Хотела бы я сказать всем, кто считает, что мы пропали, кто верит, что Скотт окончательно выжат, а у меня в голове жмутся друг к другу промокшие мыши: «Присмотритесь!»
Присмотритесь и вы увидите нечто необыкновенное, загадочное, подлинное. Мы никогда не были теми, кем казались.
Только перестав касаться дна, узнаешь, насколько ты высок.
Т. С. Элиот
Представьте раннее пасмурное субботнее утро. Конец июня 1918 года. Монтгомери облачается в свое лучшее весеннее платье и благоухает изысканными цветочными духами — наряд, который и я собиралась надеть вечером того дня. Наш дом, просторное здание в викторианском стиле на Плезант-авеню, был окутан облаком крошечных белых цветов жасмина и роскошных пурпурных вьюнков. Птахи, собравшиеся на ветвях большой магнолии, заливались во весь дух, будто пробовались на сольные партии в воскресном хоре.
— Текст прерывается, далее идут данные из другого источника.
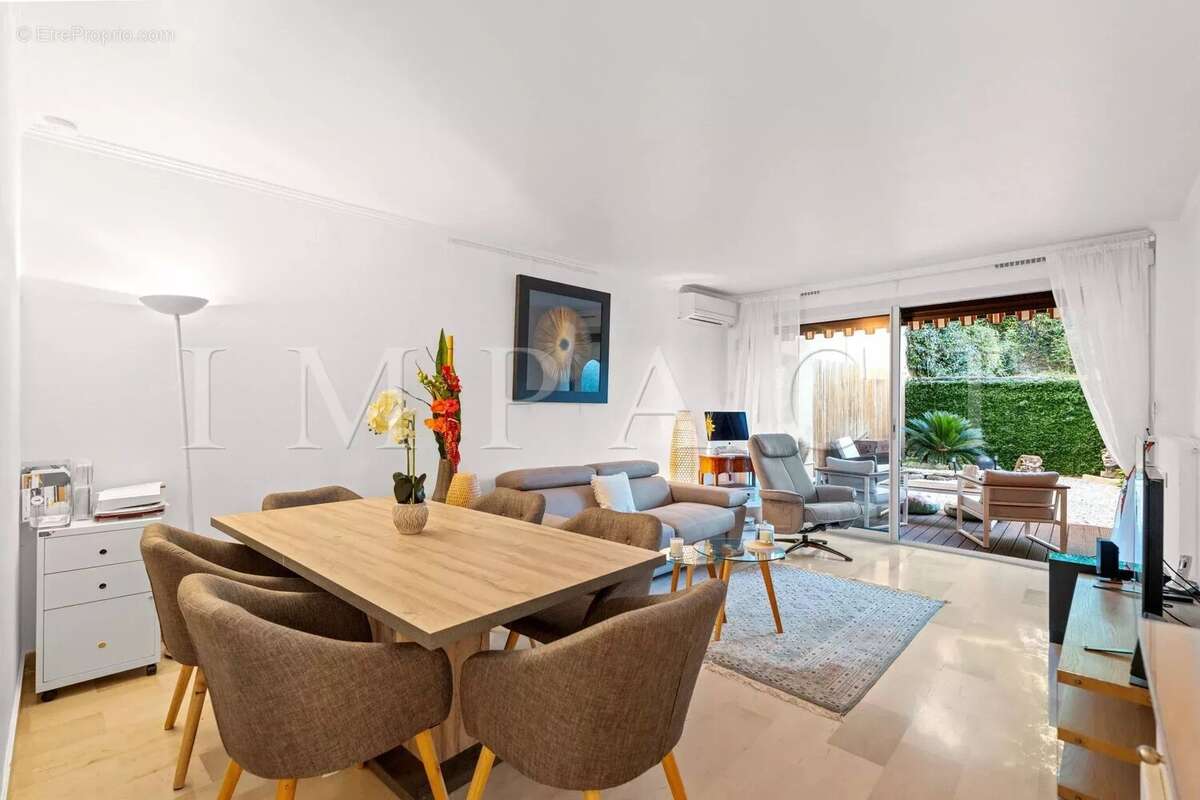 Appartement à LE CANNET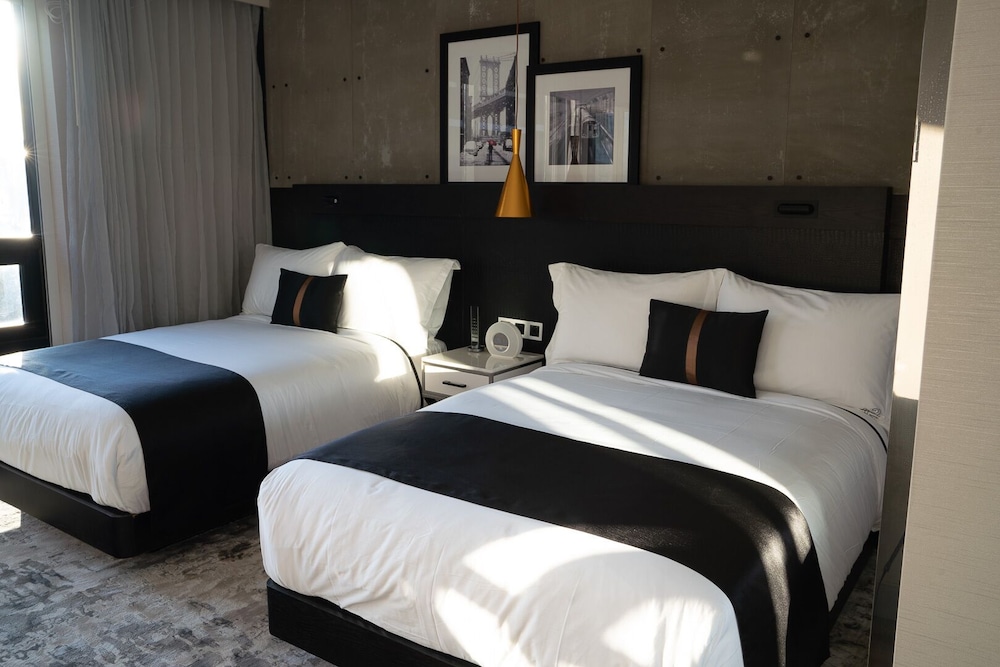 42 Hotel - photo 3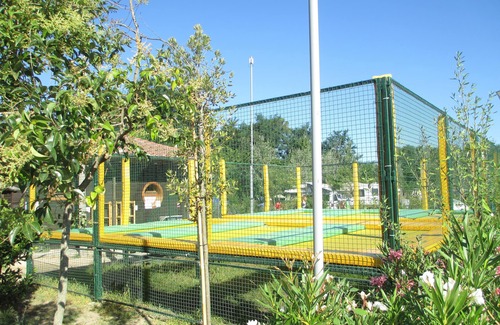 Viareggio Ski Chalet | Mobile home chalet Mobilehome for rent in Viareggio Italy Tuscany by the sea Pisa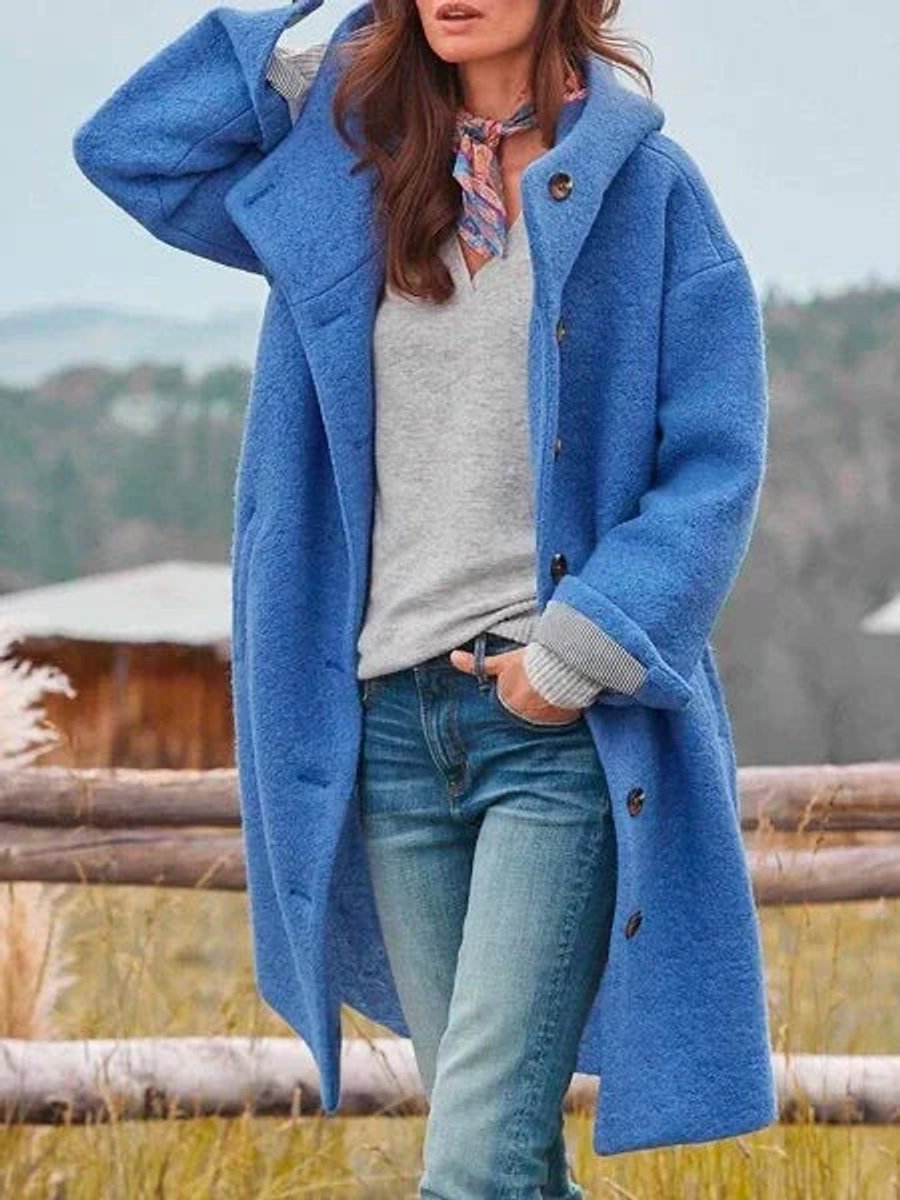 Eleonora | Cappotto lungo con cappuccio e bottoni frontali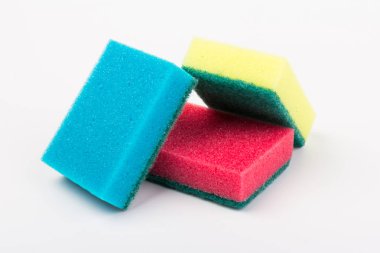 Temizlik için çok renkli süngerler, beyaz arka planda izole edilmiş. Bulaşık için süngerler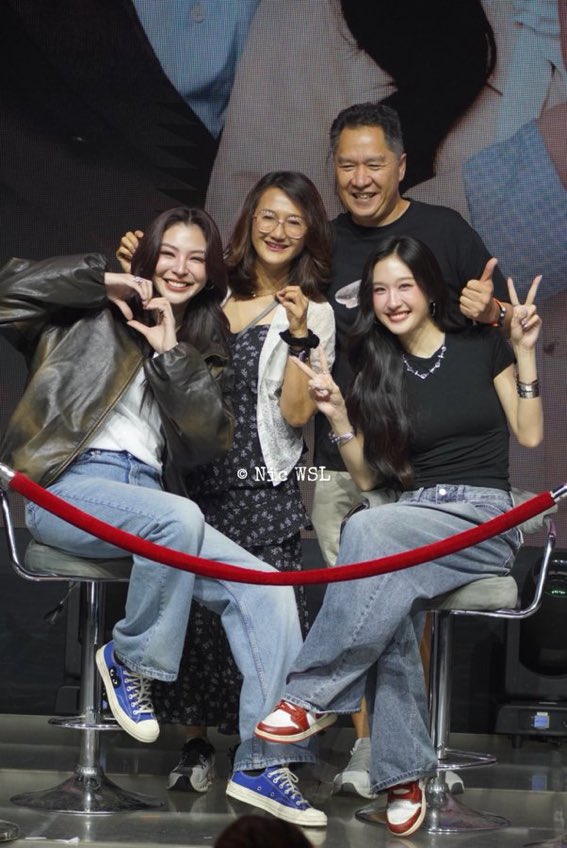 yiimmyzz's tweet photo. น่ารักมากเลยค่ะ คุณพ่อคุณแม่น่าร้ากก 🥺🥺

PERAYA PARIYA IN MANILA
#FayeAtomFMinPH2026
#FayePeraya
#AtomPariya
#FayeAtom https://t.co/5DESPywjto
Из окна на нашей черной лестнице я видела, как мимо ковыляет кляча, тянущая за собой дребезжащий фургончик. За ним шли две цветные женщины, криками оповещая окружающих о своем товаре.
— Свекла! Горошек! Репа! — голосили они, перекрикивая птиц.
— Эй, Кэти, — позвала я, заходя в кухню. — Там Бесс и Клара, слышишь?
На широком деревянном столе красовалось блюдо, накрытое кухонным полотенцем.
— Без добавок? — с надеждой спросила я, выуживая из-под салфетки крекер.
— Нет, с сыром. Ну-ка, не морщитесь. — Кэти открыла дверь, чтобы помахать подругам. — Сегодня ничего не нужно! — крикнула она. — Нельзя же есть персиковое варенье каждый день, — добавила Кэти, обернувшись ко мне.